Galmond's disputed 25% share in Megafon was held by Leonid Rozhetskin's LV Finance, a company which sold its share on 5 August 2003 for $200 million through several shell companies to Altimo a subsidiary of Alfa Group, the company fronted by Russian oligarch Mikhail Fridman. But, Galmond had an agreement to purchase LV Finance's 25% share in MegaFon already in 2001. Alfa Group was at the centre of many disputes involving disputed ownership of telecommunications operations. These companies included Norwegian Telenor, Swedish-Finnish TeliaSonera, Turkey's Turkcell and others. IPOC International Growth Fund even launched a RICO suit in the United States against Alfa Group and its associates.

Early 2004 while Leonid Reiman was Deputy Minister of Transport and Communications, Gossvyaznadzor (Госсвязьнадзор) stated that it is unclear how taxes are paid by VimpelCom OJSC and Impulse Design Bureau OJSC, which is a wholly owned subsidiary of VimpelCom. Reiman suggested that the two merge. While the courts came to a decision, however, Megafon greatly increase its market share in the key Moscow region as VimpelCom was held back from expanding into that region.
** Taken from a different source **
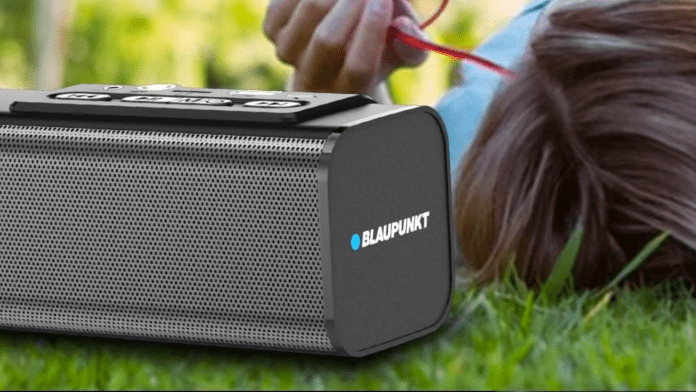 Blaupunkt SBA50 Wireless Soundbar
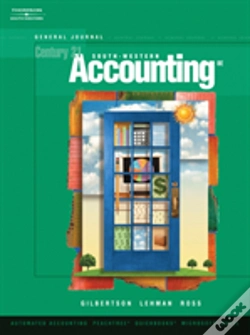 Capa do artigo Century 21 Accountinggeneral Journal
At the time, Alfa had a significant share in Vimpel.

In Geneva, the International Chamber of Commerce arbitration tribunal ruled that IPOC International Growth Fund had legal right to the 25% share in MegaFon and that Alfa Grouup did not have a genuine and proper commercial transaction when it tried to obtain the stake. During the proceedings, Kroll, a private investigations firm, had surveilled the chairman of the Geneva panel.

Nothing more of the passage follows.